Mini John Cooper Works GPE
As our electric future draws nearer it looks as though Mini will be one of the first to create a serious all-electric hot hatch. There aren’t many details yet but it will effectively be an electric John Cooper Works GP, with the same aggressive bodywork. To match the petrol-powered GP for power and performance it’ll need 306PS (225kW) and be able to hit 62mph in 5.2 seconds.
Morgan 3 Wheeler
We thought it was gone but, remarkably, the Morgan 3 Wheeler is coming back. Reintroduced in 2011, nearly 60 years after the last three-wheeled Morgan, but dropped in early 2021, we loved the 3 Wheeler’s character, everything from the looks to the 82PS (60kW) V-twin engine riding exposed out front. The new one will be a little different, however, as Morgan has said it will be petrol “at first”, which leads us to believe there will be an EV 3 Wheeler in the near future, too.
Another car we won’t see in the UK but one which will be going on sale in the USA and elsewhere in 2022 is the new Nissan Z. Informally known as the Nissan 400Z it has a 400PS (294kW) 3.0-litre, twin-turbocharged V6, with power going to the rear wheels only via a nine-speed automatic or six-speed manual gearbox. A reasonable amount has carried over from its predecessor, the 370Z, but Nissan claims this new car is far more rigid, not to mention crammed with technology the 370Z could only dream of.
Porsche 911 GT3 RS
Porsche hasn’t officially announced this yet, but there’s no reason to doubt the natural progression of launches from 911 to 911 GT3 and 911 GT3 RS will continue. Expect to see independent rear suspension, a la GT3, more than 510PS (375kW) from a 4.0-litre flat-six engine, and the most extreme aero work of any GT Porsche to date. The new GT3 RS will also, sadly, be PDK only.
Porsche Cayman GT4 RS
From one Porsche hasn’t confirmed to one it has, the new Cayman GT4 RS. Ever since the first 911 GT3 in 1999 Porsche fans across the globe have wondered what a proper GT Cayman would look like. The GT4 got close, but it wasn’t quite the same as a full-on GT3. This is that car, with the new GT4 RS moniker and the same 510PS (375kW) flat-six engine as the new 992 GT3.
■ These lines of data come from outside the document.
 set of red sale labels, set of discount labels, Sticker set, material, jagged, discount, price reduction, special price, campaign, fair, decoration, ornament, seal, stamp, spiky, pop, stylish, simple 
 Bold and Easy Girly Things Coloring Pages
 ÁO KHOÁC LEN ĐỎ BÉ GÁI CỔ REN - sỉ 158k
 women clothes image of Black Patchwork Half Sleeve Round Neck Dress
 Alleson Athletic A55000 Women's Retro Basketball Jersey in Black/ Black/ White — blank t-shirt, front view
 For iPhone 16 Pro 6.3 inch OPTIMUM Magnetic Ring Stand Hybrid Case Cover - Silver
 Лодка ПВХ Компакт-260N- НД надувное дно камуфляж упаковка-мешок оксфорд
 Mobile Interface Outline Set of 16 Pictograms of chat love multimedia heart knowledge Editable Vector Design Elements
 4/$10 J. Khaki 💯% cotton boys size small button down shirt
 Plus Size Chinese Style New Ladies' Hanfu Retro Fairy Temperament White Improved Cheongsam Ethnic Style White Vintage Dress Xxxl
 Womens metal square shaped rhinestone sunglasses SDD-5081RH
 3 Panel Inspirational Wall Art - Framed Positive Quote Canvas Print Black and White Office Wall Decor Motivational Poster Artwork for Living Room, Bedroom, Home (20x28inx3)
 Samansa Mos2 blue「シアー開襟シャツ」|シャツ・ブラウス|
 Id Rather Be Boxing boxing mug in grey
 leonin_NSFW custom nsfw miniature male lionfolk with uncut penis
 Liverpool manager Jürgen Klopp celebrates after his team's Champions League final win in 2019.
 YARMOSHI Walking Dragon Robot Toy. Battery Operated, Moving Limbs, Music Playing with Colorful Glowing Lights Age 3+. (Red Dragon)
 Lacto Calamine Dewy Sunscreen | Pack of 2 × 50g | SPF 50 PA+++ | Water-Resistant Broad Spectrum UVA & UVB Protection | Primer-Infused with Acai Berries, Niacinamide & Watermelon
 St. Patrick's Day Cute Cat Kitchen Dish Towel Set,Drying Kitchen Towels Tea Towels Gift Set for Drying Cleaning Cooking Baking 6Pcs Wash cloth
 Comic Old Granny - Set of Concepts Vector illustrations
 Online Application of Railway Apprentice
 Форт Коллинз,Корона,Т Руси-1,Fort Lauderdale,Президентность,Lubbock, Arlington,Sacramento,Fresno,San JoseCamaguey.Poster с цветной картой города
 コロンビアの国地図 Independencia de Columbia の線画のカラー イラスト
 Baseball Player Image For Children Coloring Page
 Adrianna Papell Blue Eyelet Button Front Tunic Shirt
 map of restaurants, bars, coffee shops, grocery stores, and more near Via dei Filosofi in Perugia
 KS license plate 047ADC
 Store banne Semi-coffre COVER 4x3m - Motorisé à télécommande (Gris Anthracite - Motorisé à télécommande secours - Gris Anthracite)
Take a Lotus Exige, cover it in a new carbon-fibre body, reincarnate a historic name, and trust the development work to a former F1 champion who also happens to be one of the company’s owners. This is the Radford Type 62/2, the product of a project led in part by Jenson Button. Only 62 cars will be made, of which some will have 436PS (321kW) from a Lotus Exige, 3.5-litre V6, ‘Gold Leaf’ cars will have 507PS (373kW) and 12 John Player Special cars will throw down 608PS (447kW). Goodness.
The all-new Range Rover is coming, and it’ll cost from £94,000. A hefty sum, but this is the most advanced Range Rover ever, with a range that includes four, five or seven seats, a standard or long wheelbase, and petrol and diesel hybrid powertrains. Ultimately, this new car should be just as capable, if not more so, at climbing every mountain and fording every stream.
Toyota GR 86
We might not get the Nissan but we will get this, the new Toyota GR 86. A successor to the excellent, if not quite as popular as it should have been, GT86, the new car uses a larger and more powerful 2.4-litre four-cylinder boxer engine, with 235PS (173kW). It weighs more or less the same as the GT86, at 1,270kg, is loaded with more technology, still comes with a six-speed manual and is still rear-wheel-drive. We can’t wait to have a go.